#### About
> Independence

- Independence is a statistical concept that describes the relationship between two random variables. Two random variables X and Y are said to be independent if the occurence of one event does not affect the prob of the occurence of the other.

- P(X=x,Y=y) = P(X=x) * P(Y=y)

- Use cases
1. Coin toss - The toss of a coin : Prob of getting heads on the first toss doesn't depend on the outcome of the second toss and vice versa.
2. Medical tests - Results of multiple tests are often used to make a diagnosis. If the tests are independent, The prob of a disease can be calculated as prod of prob of each test being positive.
3. Weather - In forecasting, The temp and precipitation are two indep. variables. The occurence of rain doesn't depend on temp and vice versa.

Example 

Survey to check if their is a relationship between gender and those who like dogs.

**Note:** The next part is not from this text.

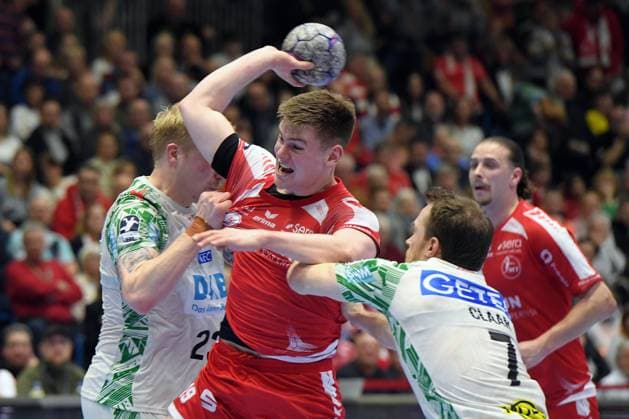 Reynir Thor Stefansson MT Melsungen 19 on the ball , Magnus Saugstrup SC Magdeburg 23 L , Felix Claar SC Magdeburg 7 R , GER, MT Melsungen SC Magdeburg, Handball, 1 Bundesliga, Matchday 23, Season 2025 2026, 28 02 2026, GER, MT Melsungen SC Magdeburg, Handball, 1 Bundesliga, Matchday 23, Season 2025 2026, 28 02 2026 Kassel Copyright: xEibner-Pressefotox xRolandxSippelx EP_RSL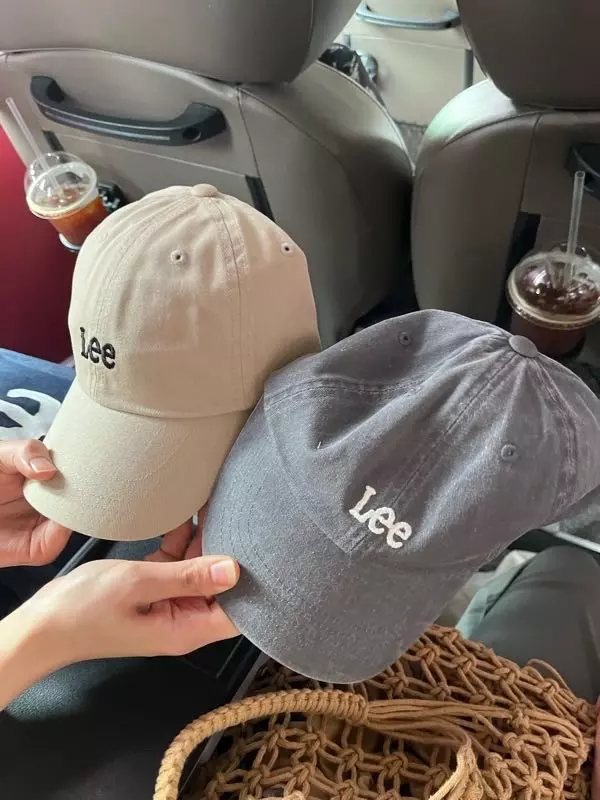 대일리로 쓰기 좋아요모자가 이쁩니당 다른색도 구매 예정!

- Using chi-square test for independence to determine if there is a significant association between gender and liking dogs.

In [7]:
import pandas as pd
from scipy.stats import chi2_contingency

# data collected in survey
data = {'gender': ['Male', 'Male', 'Male', 'Female', 'Female', 'Female'], 
        'likes_dogs': ['Yes', 'No', 'No', 'Yes', 'Yes', 'No']}
df = pd.DataFrame(data)

# create a contingency table
contingency_table = pd.crosstab(df['gender'], df['likes_dogs'])

print(contingency_table)

likes_dogs  No  Yes
gender             
Female       1    2
Male         2    1


- Computation of chi-square statistic and p-value : If the p-value is less than a chosen significance level (e.g., 0.05), we reject the null hypothesis of independence and conclude that the variables are dependent. If the p-value is greater than the chosen significance level, we fail to reject the null hypothesis and conclude that the variables are independent.

In [8]:

# perform the chi-square test for independence
chi2, p_value, dof, expected = chi2_contingency(contingency_table)

print('Chi-square statistic:', chi2)
print('p-value:', p_value)
print('Degrees of freedom:', dof)
print('Expected values:', expected)


Chi-square statistic: 0.0
p-value: 1.0
Degrees of freedom: 1
Expected values: [[1.5 1.5]
 [1.5 1.5]]


The p-value is 1.0, which is greater than the significance level of 0.05. This means that we fail to reject the null hypothesis of independence and conclude that there is not enough evidence to suggest that there is a significant association between gender and liking dogs.